Data extract.
+++

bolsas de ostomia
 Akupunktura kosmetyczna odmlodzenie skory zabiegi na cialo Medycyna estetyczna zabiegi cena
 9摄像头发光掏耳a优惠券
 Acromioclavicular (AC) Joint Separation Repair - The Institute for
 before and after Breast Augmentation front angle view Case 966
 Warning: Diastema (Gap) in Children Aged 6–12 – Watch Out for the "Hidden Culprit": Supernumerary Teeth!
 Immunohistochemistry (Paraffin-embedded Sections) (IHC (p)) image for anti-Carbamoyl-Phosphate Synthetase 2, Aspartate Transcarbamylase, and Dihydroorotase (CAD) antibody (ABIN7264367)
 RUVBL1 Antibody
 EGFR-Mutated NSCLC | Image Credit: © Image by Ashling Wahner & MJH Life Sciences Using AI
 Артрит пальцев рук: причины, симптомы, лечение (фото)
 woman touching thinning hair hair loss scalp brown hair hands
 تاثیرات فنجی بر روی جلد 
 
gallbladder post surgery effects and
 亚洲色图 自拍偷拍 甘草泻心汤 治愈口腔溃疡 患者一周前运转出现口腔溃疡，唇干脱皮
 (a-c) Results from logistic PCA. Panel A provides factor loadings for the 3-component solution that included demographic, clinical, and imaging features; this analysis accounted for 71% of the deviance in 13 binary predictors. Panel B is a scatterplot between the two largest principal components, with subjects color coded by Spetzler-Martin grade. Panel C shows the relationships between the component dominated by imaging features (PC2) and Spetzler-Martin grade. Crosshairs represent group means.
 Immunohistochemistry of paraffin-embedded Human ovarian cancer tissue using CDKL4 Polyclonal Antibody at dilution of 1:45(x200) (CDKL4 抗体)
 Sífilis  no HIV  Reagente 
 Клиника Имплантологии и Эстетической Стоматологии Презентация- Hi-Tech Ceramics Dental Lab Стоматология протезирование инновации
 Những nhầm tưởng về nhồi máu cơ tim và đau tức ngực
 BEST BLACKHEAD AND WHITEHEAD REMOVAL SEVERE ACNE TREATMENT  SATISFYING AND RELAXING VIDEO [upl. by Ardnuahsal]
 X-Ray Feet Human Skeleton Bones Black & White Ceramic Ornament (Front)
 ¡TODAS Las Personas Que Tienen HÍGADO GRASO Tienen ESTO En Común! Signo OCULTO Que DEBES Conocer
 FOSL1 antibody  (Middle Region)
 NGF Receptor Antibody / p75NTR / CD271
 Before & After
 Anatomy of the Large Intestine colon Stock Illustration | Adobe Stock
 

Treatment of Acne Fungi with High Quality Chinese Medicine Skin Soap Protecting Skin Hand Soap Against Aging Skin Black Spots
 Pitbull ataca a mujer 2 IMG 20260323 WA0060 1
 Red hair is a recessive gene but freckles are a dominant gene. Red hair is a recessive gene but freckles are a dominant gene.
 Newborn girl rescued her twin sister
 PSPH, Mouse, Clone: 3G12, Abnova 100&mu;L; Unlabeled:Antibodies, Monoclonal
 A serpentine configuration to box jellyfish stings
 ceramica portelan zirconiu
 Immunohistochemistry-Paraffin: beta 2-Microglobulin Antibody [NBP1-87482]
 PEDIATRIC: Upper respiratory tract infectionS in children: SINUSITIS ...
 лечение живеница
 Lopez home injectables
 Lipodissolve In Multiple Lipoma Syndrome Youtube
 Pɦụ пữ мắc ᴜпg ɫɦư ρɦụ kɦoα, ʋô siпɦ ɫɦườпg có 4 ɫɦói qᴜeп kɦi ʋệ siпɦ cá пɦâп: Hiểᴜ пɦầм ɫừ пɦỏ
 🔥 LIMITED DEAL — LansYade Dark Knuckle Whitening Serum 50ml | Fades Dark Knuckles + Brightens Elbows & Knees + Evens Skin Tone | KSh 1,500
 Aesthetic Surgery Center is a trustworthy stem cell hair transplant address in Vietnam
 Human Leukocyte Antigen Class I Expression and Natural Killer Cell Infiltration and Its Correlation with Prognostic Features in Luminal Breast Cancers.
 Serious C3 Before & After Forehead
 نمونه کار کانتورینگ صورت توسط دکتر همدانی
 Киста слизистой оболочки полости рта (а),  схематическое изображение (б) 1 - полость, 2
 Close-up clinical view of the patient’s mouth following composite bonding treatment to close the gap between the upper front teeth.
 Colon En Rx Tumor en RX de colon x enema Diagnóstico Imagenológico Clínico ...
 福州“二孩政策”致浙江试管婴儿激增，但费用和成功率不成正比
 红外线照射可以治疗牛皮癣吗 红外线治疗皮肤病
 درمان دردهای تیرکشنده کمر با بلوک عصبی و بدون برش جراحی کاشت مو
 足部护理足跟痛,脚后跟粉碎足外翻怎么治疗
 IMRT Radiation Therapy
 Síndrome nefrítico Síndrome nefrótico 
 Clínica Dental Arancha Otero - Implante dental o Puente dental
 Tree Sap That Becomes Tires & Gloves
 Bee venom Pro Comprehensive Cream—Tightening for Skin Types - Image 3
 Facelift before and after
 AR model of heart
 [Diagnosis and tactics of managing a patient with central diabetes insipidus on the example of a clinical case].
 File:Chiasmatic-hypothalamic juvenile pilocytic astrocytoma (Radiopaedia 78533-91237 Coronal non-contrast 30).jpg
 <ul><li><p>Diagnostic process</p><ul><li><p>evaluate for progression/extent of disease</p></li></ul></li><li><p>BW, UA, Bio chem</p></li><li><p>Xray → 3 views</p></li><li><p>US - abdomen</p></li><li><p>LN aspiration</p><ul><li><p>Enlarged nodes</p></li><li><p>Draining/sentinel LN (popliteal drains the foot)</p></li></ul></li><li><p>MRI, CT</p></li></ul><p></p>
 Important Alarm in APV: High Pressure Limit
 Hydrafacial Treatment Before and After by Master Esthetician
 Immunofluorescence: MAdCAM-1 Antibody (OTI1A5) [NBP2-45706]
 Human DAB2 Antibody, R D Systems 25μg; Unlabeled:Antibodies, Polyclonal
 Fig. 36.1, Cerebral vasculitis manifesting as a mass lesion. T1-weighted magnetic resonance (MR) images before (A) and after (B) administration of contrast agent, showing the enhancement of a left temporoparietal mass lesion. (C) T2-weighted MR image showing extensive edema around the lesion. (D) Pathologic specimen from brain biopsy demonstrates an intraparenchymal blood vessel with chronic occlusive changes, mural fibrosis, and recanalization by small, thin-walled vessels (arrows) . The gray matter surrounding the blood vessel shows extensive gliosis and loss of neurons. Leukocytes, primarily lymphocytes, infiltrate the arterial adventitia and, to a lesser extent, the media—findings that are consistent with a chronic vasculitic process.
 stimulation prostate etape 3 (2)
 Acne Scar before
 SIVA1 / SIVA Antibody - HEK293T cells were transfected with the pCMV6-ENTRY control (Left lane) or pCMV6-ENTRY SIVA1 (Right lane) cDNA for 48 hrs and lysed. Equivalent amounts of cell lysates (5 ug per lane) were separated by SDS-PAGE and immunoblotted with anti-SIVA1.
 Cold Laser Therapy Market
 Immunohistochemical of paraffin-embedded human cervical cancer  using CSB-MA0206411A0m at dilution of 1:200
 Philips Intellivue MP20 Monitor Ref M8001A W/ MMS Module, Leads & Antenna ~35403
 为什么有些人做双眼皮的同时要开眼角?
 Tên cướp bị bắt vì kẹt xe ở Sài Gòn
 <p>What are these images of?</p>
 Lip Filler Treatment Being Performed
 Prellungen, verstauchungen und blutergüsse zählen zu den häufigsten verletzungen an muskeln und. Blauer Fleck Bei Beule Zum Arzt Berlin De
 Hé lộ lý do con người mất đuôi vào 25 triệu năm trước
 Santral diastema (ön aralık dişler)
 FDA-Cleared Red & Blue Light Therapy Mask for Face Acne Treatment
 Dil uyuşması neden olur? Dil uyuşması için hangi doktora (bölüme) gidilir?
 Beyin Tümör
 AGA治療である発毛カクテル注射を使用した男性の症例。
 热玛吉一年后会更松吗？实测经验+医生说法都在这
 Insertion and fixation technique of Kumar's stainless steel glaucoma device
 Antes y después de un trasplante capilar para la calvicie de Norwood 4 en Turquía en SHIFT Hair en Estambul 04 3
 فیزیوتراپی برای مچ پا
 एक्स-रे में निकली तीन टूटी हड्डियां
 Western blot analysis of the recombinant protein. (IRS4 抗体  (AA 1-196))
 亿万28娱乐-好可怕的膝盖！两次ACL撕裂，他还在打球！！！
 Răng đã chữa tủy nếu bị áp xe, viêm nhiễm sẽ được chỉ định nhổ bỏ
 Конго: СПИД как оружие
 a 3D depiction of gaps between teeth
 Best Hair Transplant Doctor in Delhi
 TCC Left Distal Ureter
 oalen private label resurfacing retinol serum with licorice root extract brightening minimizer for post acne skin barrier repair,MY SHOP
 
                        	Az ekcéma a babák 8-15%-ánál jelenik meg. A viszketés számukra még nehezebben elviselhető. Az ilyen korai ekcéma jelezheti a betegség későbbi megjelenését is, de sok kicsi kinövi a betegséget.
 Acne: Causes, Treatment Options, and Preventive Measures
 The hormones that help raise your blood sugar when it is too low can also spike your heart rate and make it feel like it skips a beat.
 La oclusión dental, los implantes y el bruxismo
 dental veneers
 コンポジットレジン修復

+++

Problem. Within the listing above, locate the line containing "Philips Intellivue MP20" and the line containing "Hé lộ lý do". Reproduce those two lines and all lines between them exactly, with nothing added.

Expected answer.
 Philips Intellivue MP20 Monitor Ref M8001A W/ MMS Module, Leads & Antenna ~35403
 为什么有些人做双眼皮的同时要开眼角?
 Tên cướp bị bắt vì kẹt xe ở Sài Gòn
 <p>What are these images of?</p>
 Lip Filler Treatment Being Performed
 Prellungen, verstauchungen und blutergüsse zählen zu den häufigsten verletzungen an muskeln und. Blauer Fleck Bei Beule Zum Arzt Berlin De
 Hé lộ lý do con người mất đuôi vào 25 triệu năm trước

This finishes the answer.